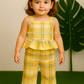 Coral Kiss Comfy & Cute Baby Girl Summer Set | Muslin Cotton Co-Ord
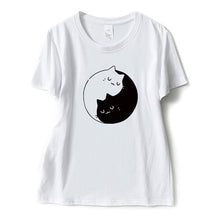 Load image into Gallery viewer, Two cats hugging t-shirt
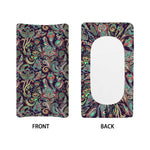 Retro Indian Paisley Pattern Print Changing Pad Cover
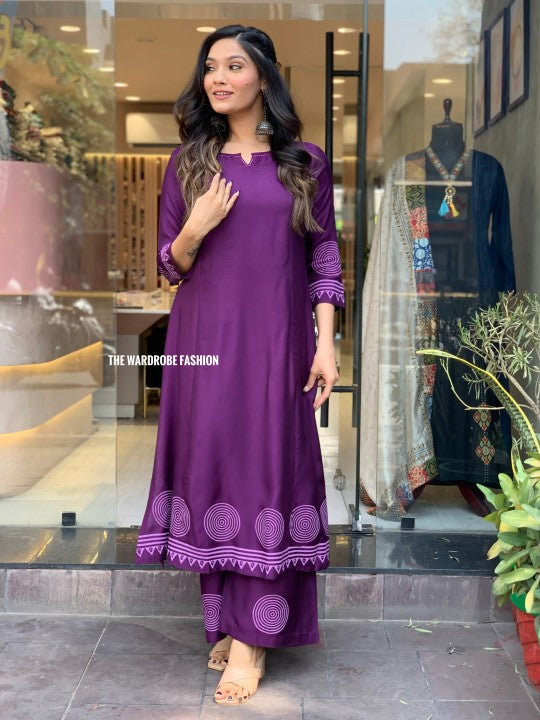 PURPLE JAMUN DRESS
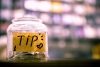 Ein typischer Anblick auf vielen Bartresen: "Tip-Jar"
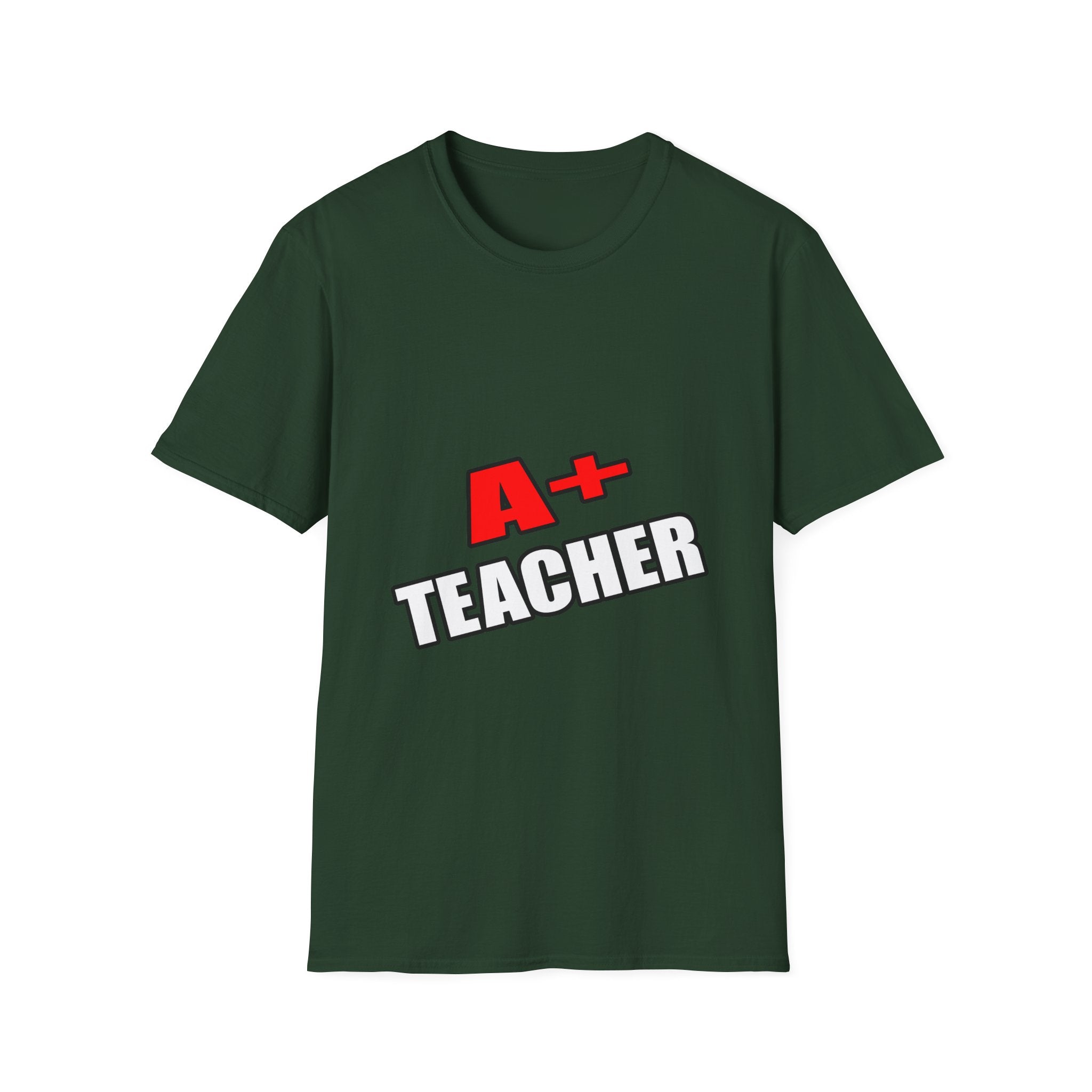 a plus teacher - Unisex Softstyle T-Shirt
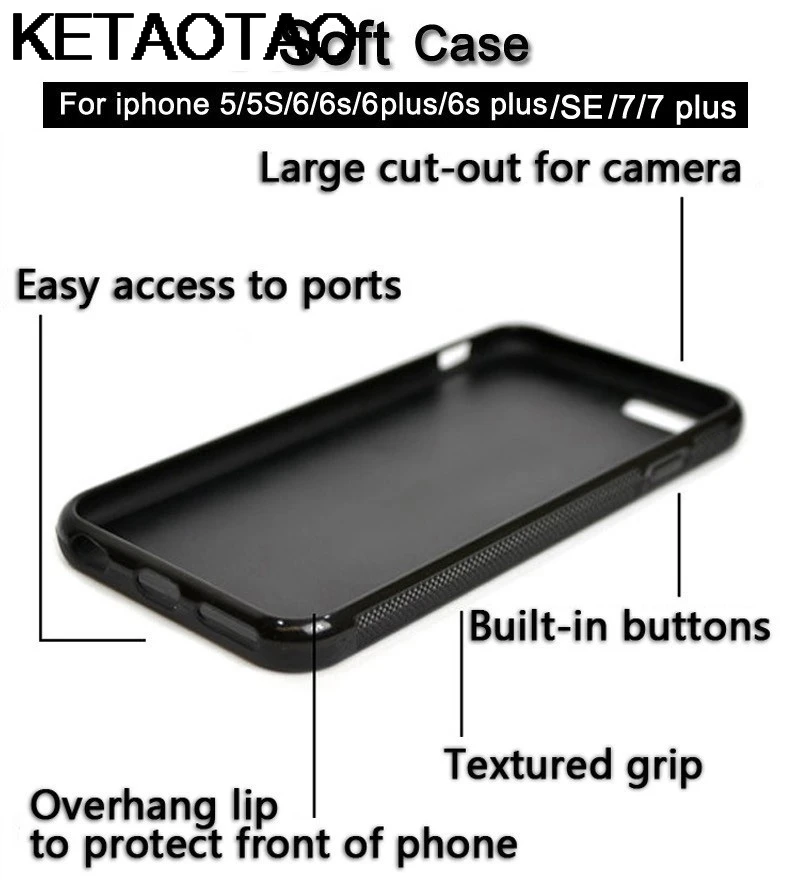 KETAOTAO джунгли книга Маугли дерево для iPhone 4 5S 6S 7 8 Plus X XR XS MAX для samsung черный мягкий чехол для телефона резиновый силиконовый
--------------------------------------------------
_What needs to be done_: Print the material above word for word, and keep the pictures out of it.

_Finished task_:
 Coral Kiss Comfy & Cute Baby Girl Summer Set | Muslin Cotton Co-Ord
 Load image into Gallery viewer, Two cats hugging t-shirt
 Retro Indian Paisley Pattern Print Changing Pad Cover
 PURPLE JAMUN DRESS
 Ein typischer Anblick auf vielen Bartresen: "Tip-Jar"
 a plus teacher - Unisex Softstyle T-Shirt
 KETAOTAO джунгли книга Маугли дерево для iPhone 4 5S 6S 7 8 Plus X XR XS MAX для samsung черный мягкий чехол для телефона резиновый силиконовый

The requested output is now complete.